Diseases build up by crop family — the brassicas (turnip, cabbage), the cereals (wheat, rye, buckwheat) and the legumes (beans, peas) each share diseases, while carrot and buckwheat cross into several families. Plant a family too soon after itself and you risk an outbreak and a heavy yield loss. The planner flags the risky years and the disease at fault, so you can space families out or drop in clover or a maintenance year between them.

How to use the planner

  1. Set each field’s size, starting fertility and starting weed level.
  2. Pick a crop for each year of the rotation; colours and the simulation update instantly.
  3. Toggle compost on any year to add fertility.
  4. Watch the fertility & weed chart and the per-year table, and read the warnings.
  5. Open the Advanced panel to tune the estimated weed/disease constants to your patch.
  6. Hit “Copy share link” to share your whole rotation as a URL.

A note on the numbers

The per-crop numbers come from the Farthest Frontier game data and the Configure Crops mod, and may have been retuned in the live patch. The settlement-level values — weed accrual, compost strength, and the disease grace period and penalty — are community estimates, all editable in the Advanced panel. Treat the simulation as a directional planning aid, not exact game maths.

Frequently asked questions

Is there a Farthest Frontier crop rotation planner?

Yes — this is a free, browser-based Farthest Frontier crop rotation planner. You assign a crop to each field for each year of the rotation, optionally add compost, and instantly see how soil fertility and weed level rise and fall over the cycle, plus warnings when you plant crops from the same disease family too close together. Nothing to download, no account.

What is the best crop rotation in Farthest Frontier?

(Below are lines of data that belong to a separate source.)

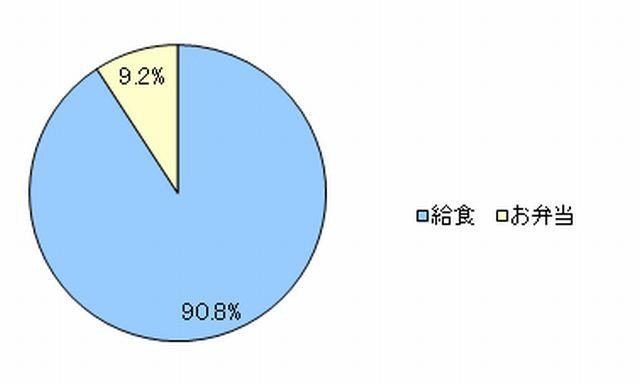 子どもの昼食は給食とお弁当のどちらであってほしいか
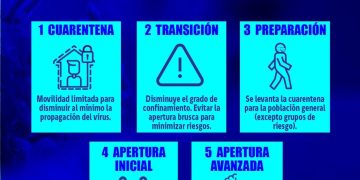 Paso a paso: Así te puedes registrar a la pensión universal para personas con discapacidad en la CDMX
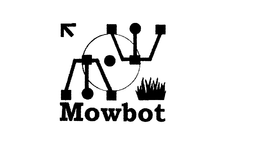 MOWBOT trademark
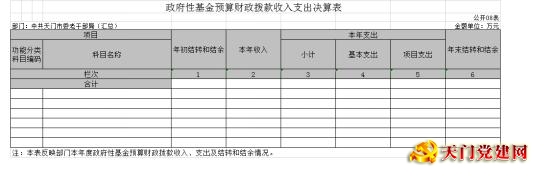 市委老干部局2018年部门决算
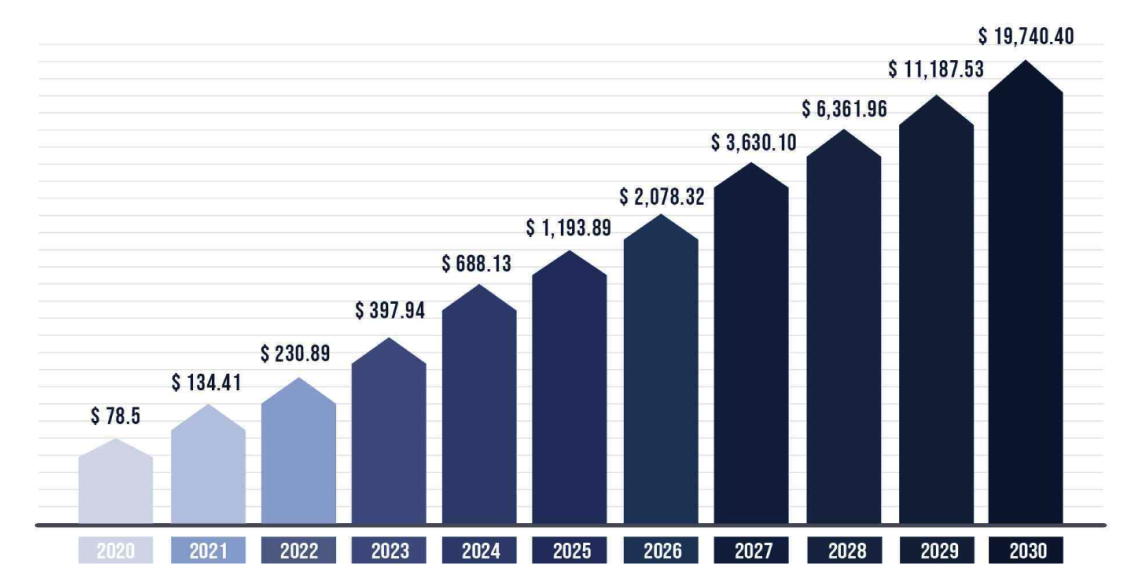 Blockchain IoT market size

A healthy rotation alternates heavy feeders (wheat, rye, leek, cabbage) with fertility restorers (clover, beans, peas) and never plants two crops from the same disease family back to back. For example: Wheat → Beans → Cabbage → Clover keeps fertility from collapsing, suppresses weeds, and spaces out disease families. Use the planner to test a rotation and watch the fertility and weed lines before you commit it in-game.

How does soil fertility work in Farthest Frontier?

Each crop changes a field's fertility when harvested: grains like wheat (+6) and rye (+5) deplete it heavily, while clover (−3) and the legumes beans and peas (−1) restore it. Compost adds fertility too. Low fertility means smaller harvests, and fertility-hungry crops like wheat, leek and flax suffer the most. Rotating restorers between heavy feeders — and applying compost — keeps a field productive.

How do I stop crop disease in Farthest Frontier?

Diseases build up in the soil by crop family. Planting crops that share a family in consecutive years (or within the grace period) risks an outbreak and a big yield loss. The brassicas (turnip, cabbage), the cereals (wheat, rye, buckwheat) and the legumes (beans, peas) each share diseases, and carrot and buckwheat cross into several families. Space same-family crops apart, and slot in clover or a Field Maintenance year between them — the planner flags the risky years for you.

How do weeds work, and how do I control them?

Weeds accrue on a field over time and steal yield. Some crops suppress weeds while they grow — buckwheat (−10) is the strongest crop suppressor, with clover and rye also strong — and a Field Maintenance year (−18) is the best cleaner of all. The planner tracks the weed level year by year so you can see when to slot in a suppressor or a maintenance year.

Are the crop numbers accurate?

The per-crop numbers — fertility change, weed suppression, maturation, frost and heat tolerance — come from the Farthest Frontier game data (dump v1.x (crop data dump v0.7.4)) cross-checked against the 'Configure Crops' mod, and may have been retuned slightly in the live patch. The settlement values (weed accrual rate, compost strength, and the disease grace period and penalty) are community estimates and are editable in the Advanced panel. Treat the output as a directional planning aid. This is a fan-made planner, not affiliated with Crate Entertainment.